Claws for Alarm
In this age of endless reboots and remakes, it’s heartening to see that a good old-fashioned unoriginal movie can still get made. To its credit, Beast isn’t a direct rip-off of any particular man-vs.-nature flick, but it has no interest in doing anything new with the genre, and that’s fine by me.
American doctor Nate Daniels (Idris Elba) is taking his two teenage daughters, Meredith (Iyana Halley) and Norah (Leah Jeffries), on a trip to South Africa, the homeland of Nate’s deceased ex-wife. There they link up with Martin Battles (Sharlto Copley), an old family friend and manager of the local wildlife park. The group’s picturesque safari takes a dark turn when they stumble upon a village whose entire population has been savagely mauled. Soon enough, the rogue lion responsible attacks their car, leaving them stranded in the wilderness with no means of communication.

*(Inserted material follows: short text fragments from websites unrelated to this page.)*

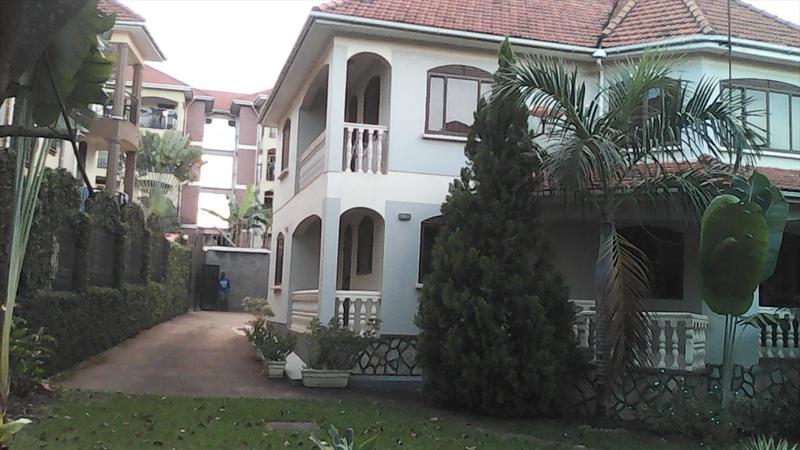 Mansion for sale in Munyonyo Kampala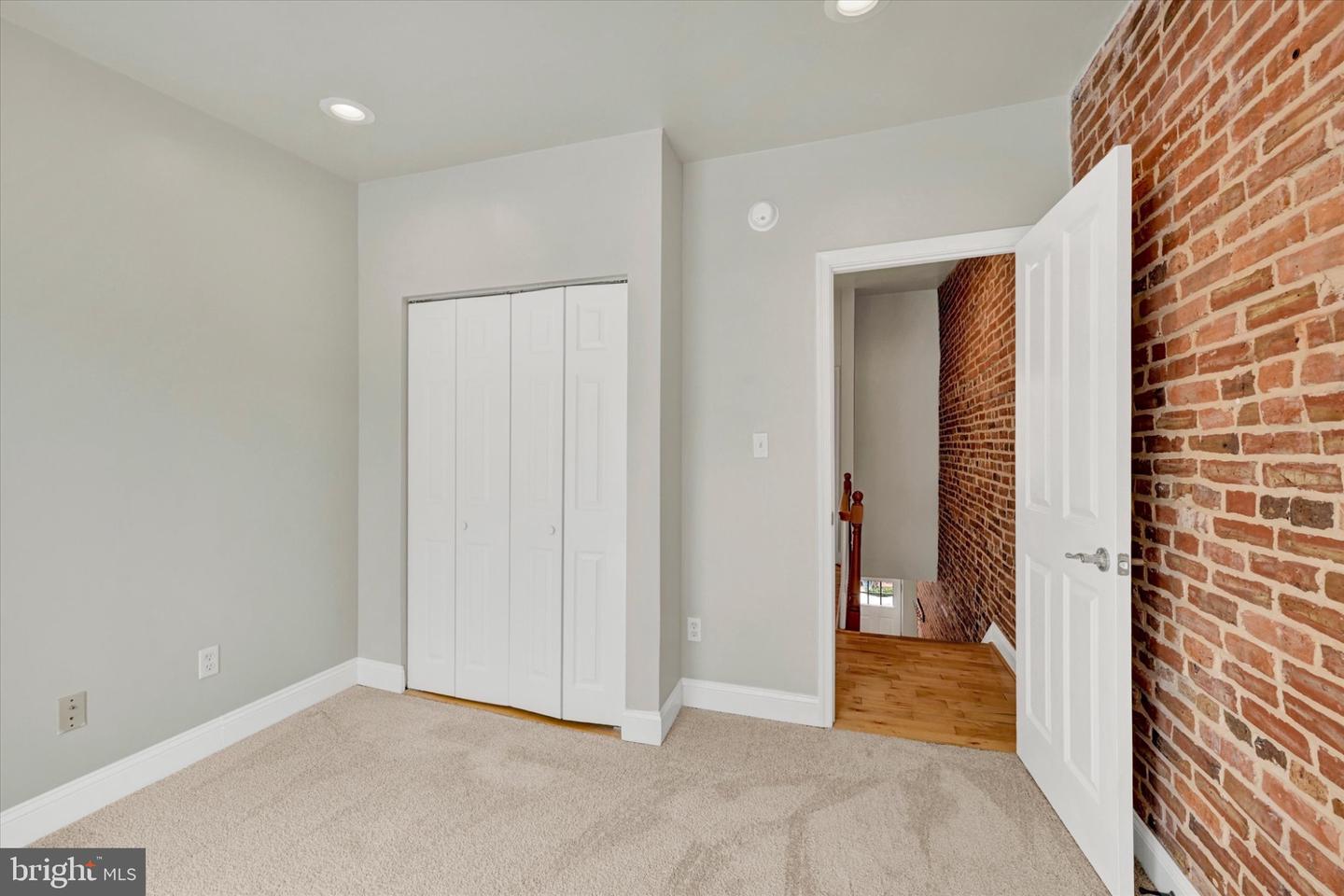 803 Mangold St Property Photo 15
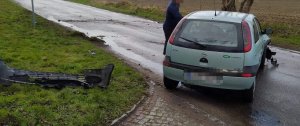 obrazek przedstawia pojazd opel corsa koloru niebieskiego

From then on, Beast is simplicity itself; a series of nail-biting set pieces as our heroes are put through every ringer imaginable. Because of the movie’s strong grip on pacing, and director Baltasar Kormákur’s assured hand, the approach pays off. His signature move is using long takes to build the tension to its breaking point before revealing the lion (and other threats) lurking in the background.
Of course, the real star of any killer animal movie is the creature, and here Beast is tough to beat: its lion is an incredibly convincing piece of CGI, rendered with lifelike movement and meticulous physical detail. Its tangible heft and deep roars give it terrifying power – one can practically feel the force of its blows when it slams into Martin’s car. The movie keeps the beast (just) on the side of wild animal rather than horror movie monster, though Kormákur knows how to give it a villainous air when the scene calls for it.
The only drag on Beast is its perfunctory family-drama subplot, a generic bore that yields the only parts of the movie which feel joyless and obligatory; its one redeeming quality is that it gets a bare minimum of screen-time. Thankfully, Elba and Copley have enough presence to make these scenes bearable, and their committed performances briefly distract from the flatness of both their characters. They – and the movie – fare much better in survival mode.
With that minor exception, Beast is a movie that seriously, even desperately, wants to avoid wasting its audience’s time. Excluding credits, it runs less than ninety minutes, and this leanness is among the movie’s strongest assets. Beast never feels rushed, but it’s keenly aware of its genre obligations, and shrewdly casts everything else aside.
Though coy about the matter at first, Beast eventually provides a delightfully nutty explanation for the lion’s murderous behavior, delivered with Quint-like gravitas by Copley. This tension between the movie’s fundamental ridiculousness and its sincere execution is the key to its success as a B-Movie. Beast is unashamed of its artifice, letting us revel in its sheer movie-ness, but never sacrifices its primal thrills. It’s a notoriously difficult line to walk, but Beast pulls it off thanks to the clear unity of purpose between its cast, script, and direction. It’s silly and straight-faced in all the right ways; a movie where a character is horrifically mauled in one scene and later has only a limp to show for it. For another movie, that might be a complaint.